L’Airone, come Coppi era stato ribattezzato, perché al posto delle gambe sembrava avesse le ali e, invece di pedalare, volava, aveva già vinto tutto: cinque Giri d’Italia, due Tour de France, tre Milano-Sanremo, una Parigi Roubaix. E ancora tre Mondiali, due su pista e uno su strada, quattro titoli italiani, cinque Giri di Lombardia. Figlio di contadini nato a Castellania, tra colline e vitigni dell’Alessandrino, aveva preferito chinarsi sul manubrio anziché sulla terra. E da lì, dove tornava sempre, ha conquistato il mondo. “Sono passati quasi 60 anni dalla sua morte, eppure il ricordo è ancora così vivo” prosegue Faustino, che ricorda “il padre esemplare”, nonostante le polemiche per la relazione extraconiugale con la madre, la “Dama bianca” Giulia Occhini, sposata in Messico dopo che per lei il campionissimo aveva abbandonato la famiglia. “Attraverso il ricordo di chi l’ha conosciuto ho scoperto il Coppi ciclista, l’eroe sportivo, il mito – racconta il figlio – ma anche l’uomo semplice e quel padre di cui ho perso l’abbraccio troppo presto”.
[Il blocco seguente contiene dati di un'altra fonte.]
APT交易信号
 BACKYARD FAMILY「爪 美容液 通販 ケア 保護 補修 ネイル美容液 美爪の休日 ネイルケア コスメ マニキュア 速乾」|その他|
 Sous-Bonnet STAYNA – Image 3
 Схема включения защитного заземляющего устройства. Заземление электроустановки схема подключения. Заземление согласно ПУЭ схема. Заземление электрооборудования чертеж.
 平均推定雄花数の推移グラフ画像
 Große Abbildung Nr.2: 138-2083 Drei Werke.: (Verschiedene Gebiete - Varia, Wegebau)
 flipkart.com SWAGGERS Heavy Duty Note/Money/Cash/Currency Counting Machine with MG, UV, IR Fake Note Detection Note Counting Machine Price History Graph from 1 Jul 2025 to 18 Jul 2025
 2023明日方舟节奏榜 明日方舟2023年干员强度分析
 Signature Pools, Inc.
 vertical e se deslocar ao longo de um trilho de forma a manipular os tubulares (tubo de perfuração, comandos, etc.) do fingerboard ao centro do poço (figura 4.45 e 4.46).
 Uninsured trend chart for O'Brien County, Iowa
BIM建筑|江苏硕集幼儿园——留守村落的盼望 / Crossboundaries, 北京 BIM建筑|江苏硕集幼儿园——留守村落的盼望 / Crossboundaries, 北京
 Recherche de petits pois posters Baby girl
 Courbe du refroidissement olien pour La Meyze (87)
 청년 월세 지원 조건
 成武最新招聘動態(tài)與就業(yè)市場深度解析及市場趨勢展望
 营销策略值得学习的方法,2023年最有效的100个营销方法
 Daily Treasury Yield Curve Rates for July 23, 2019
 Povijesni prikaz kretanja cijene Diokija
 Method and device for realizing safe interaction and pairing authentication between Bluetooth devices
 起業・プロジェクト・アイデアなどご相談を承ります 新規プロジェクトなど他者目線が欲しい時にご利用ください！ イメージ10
Un uomo “generoso e disponibile – lo descrive – che cercava di fare le cose non solo per se stesso, che viveva il rapporto con gregari e avversari basandosi sul rispetto reciproco”.
Ne è un esempio la rivalità con un altro grande delle due ruote come Gino Bartali, la foto dello scambio della borraccia sul Col du Galibier al Tour del 1952 simbolo di una rivalità sportiva che raggiunto il traguardo si trasforma in profonda amicizia. E anche dell’Italia divisa del Dopoguerra che si ritrova unita nell’ammirare le loro imprese. “Il ciclismo allora era lo sport più importante – dice ancora Faustino – ma gli atleti al loro livello non erano molti”. E forse non lo sono nemmeno quelli contemporanei. “Solo Pantani – ammette – è riuscito a farmi appassionare”. Sostituire un padre così nel suo cuore, del resto, era impossibile. “Lo ricordo in casa, meno sulla sua amata bicicletta – conclude Faustino – Era molto affettuoso con me, non alzava mai la voce. Quando era a casa era lui che mi svegliava e mi dava da mangiare. E quando tornava dai grandi Giri mi portava sempre un regalo”. Ricordi del figlio di una leggenda che, un secolo dopo la sua nascita, non accenna a tramontare.